*Task item*
Below is a listing. Return the lines from the one that contains "For the Love" to the one that contains "Unveiling The Power", both ends included, verbatim and with no pictures.

*Records supplied*

○ ○ ○ ○

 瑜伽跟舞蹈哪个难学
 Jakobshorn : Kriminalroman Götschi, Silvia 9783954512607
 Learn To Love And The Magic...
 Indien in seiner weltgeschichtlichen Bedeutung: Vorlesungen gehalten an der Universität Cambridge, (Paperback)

○ ○ ○ ○

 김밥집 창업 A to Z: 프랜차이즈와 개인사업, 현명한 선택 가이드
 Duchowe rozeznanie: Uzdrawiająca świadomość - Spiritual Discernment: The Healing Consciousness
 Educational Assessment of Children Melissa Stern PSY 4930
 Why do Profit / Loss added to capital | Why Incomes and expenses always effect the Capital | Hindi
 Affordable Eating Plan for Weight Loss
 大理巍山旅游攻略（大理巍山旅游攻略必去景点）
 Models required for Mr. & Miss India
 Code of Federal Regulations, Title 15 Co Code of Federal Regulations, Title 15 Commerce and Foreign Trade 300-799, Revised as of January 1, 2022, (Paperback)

○ ○ ○ ○

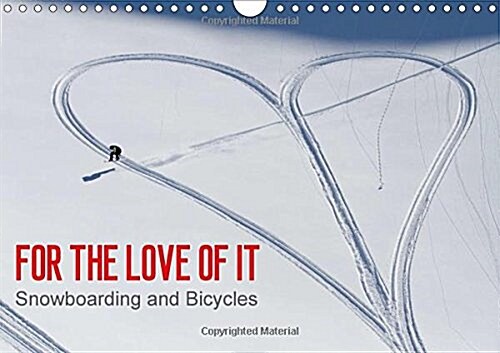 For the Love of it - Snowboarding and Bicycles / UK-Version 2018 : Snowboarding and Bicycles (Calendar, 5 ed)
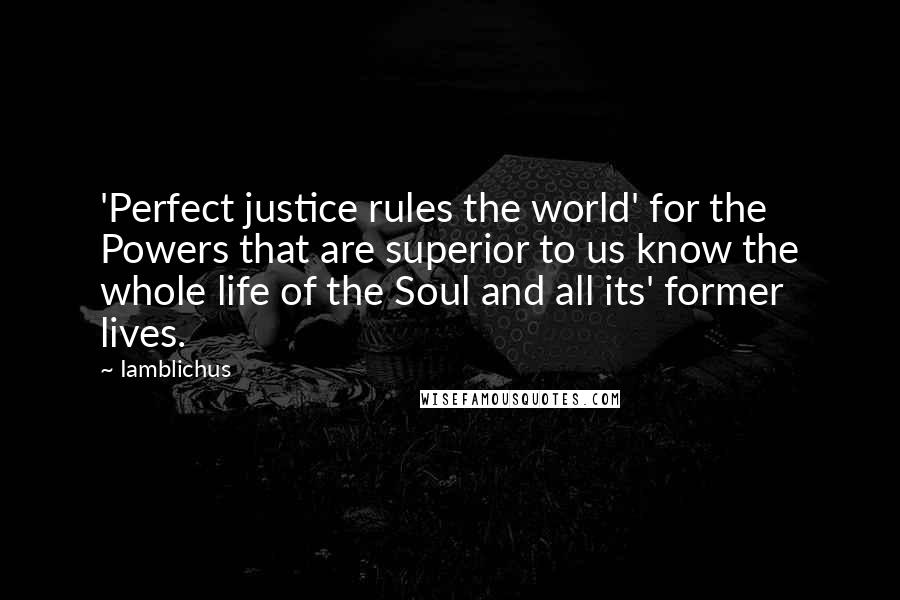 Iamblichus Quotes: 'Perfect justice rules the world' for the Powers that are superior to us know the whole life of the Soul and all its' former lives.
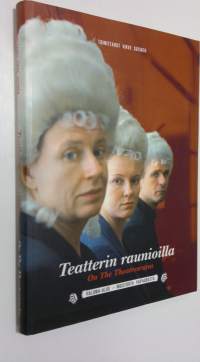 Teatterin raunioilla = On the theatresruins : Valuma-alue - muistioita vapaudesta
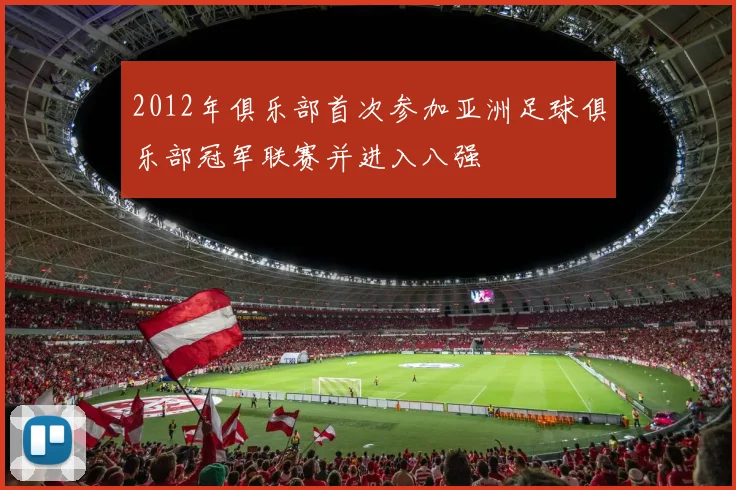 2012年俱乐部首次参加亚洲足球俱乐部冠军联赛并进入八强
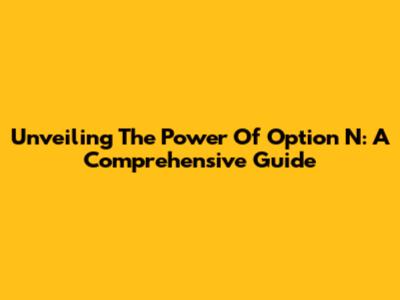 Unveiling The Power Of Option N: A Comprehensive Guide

○ ○ ○ ○

*Reply*
 For the Love of it - Snowboarding and Bicycles / UK-Version 2018 : Snowboarding and Bicycles (Calendar, 5 ed)
 Iamblichus Quotes: 'Perfect justice rules the world' for the Powers that are superior to us know the whole life of the Soul and all its' former lives.
 Teatterin raunioilla = On the theatresruins : Valuma-alue - muistioita vapaudesta
 2012年俱乐部首次参加亚洲足球俱乐部冠军联赛并进入八强
 Unveiling The Power Of Option N: A Comprehensive Guide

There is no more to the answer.